The lovely tiny village of Barolo is located in Piedmont in one of the most famous Italian wine areas: the Langhe Region. The town is well known for its numerous vineyards and its incredible production of the finest red wines in the market! Every years wine lovers from all around the world visit the region in order to enjoy its exquisite wines!

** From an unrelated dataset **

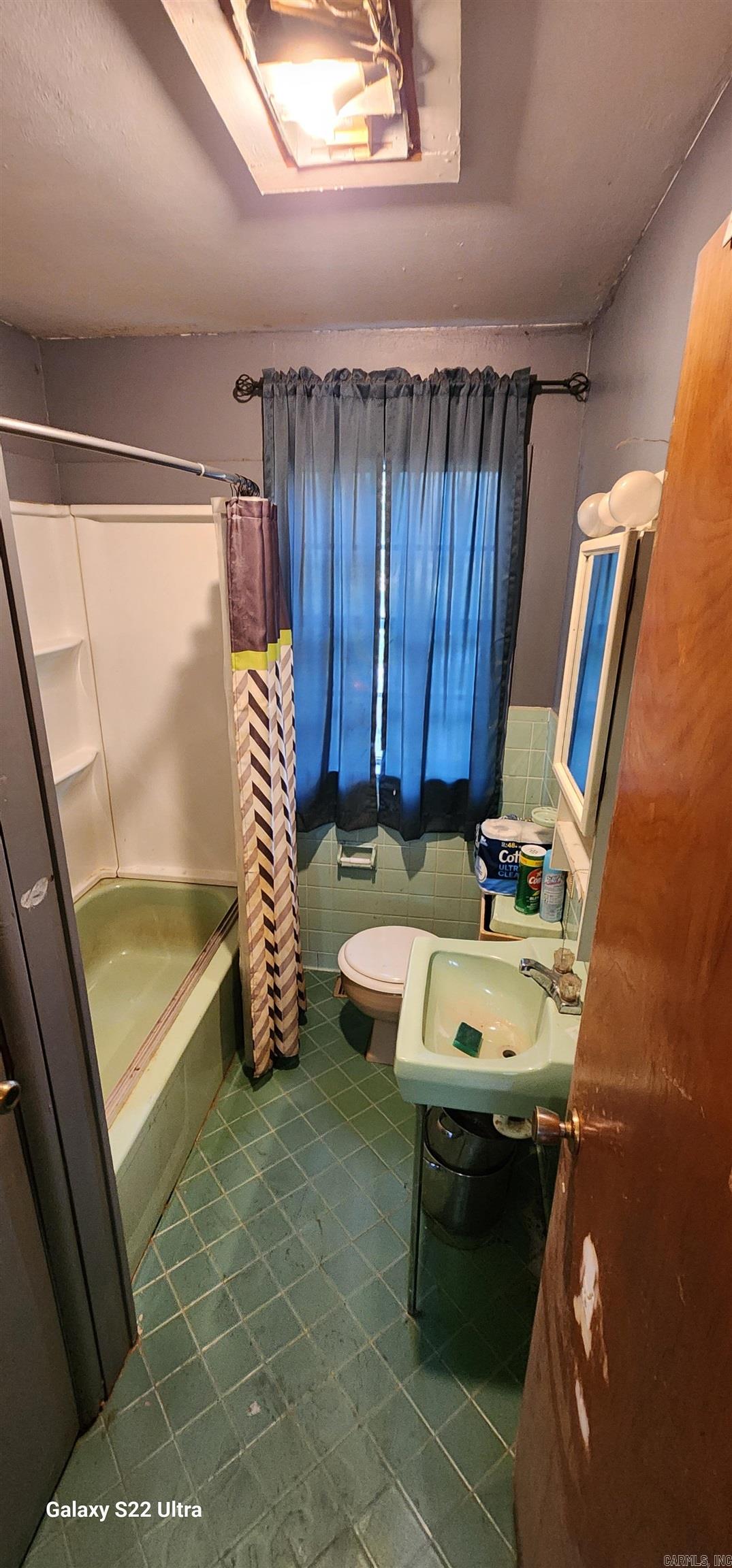 2710 E Walnut Street Paris, AR 72855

The best way to explore Barolo is walking around enjoying its lovely little streets and typical buildings. Gorgeous is the ancient Castello Faletti built during the 10th century. The castle was initially erected in order to protect the village from the attacks and sacks during the barbarian invasions period. Unfortunately today is only possible to see a part of the original building; during the 16th century in fact the castle was heavily damaged and later rebuilt. It is located right in the centre of Barolo and offers to its visitors many attractions like a museum and an enoteca.

Things to see

Visiting the museum it is possible to discover the history of the village and its surroundings, while the enoteca has a huge collection of local wines. Few can resist the opportunity of tasting some of the best Italian red wines!

A visit to Barolo wouldn’t be complete without a wine tasting in one of the many vineyards located just outside the village.

Vino Barolo

Vino Barolo - Glass of Barolo
Vino Barolo - View from the Barolo Wine MuseumVino Barolo - BarrelsVino Barolo - Barolo and Decanter

Barolo is a red DOCG wine produced in Piedmont; it is made 100% from Nebbiolo grapes and it is probably one of the most famous Italian wines!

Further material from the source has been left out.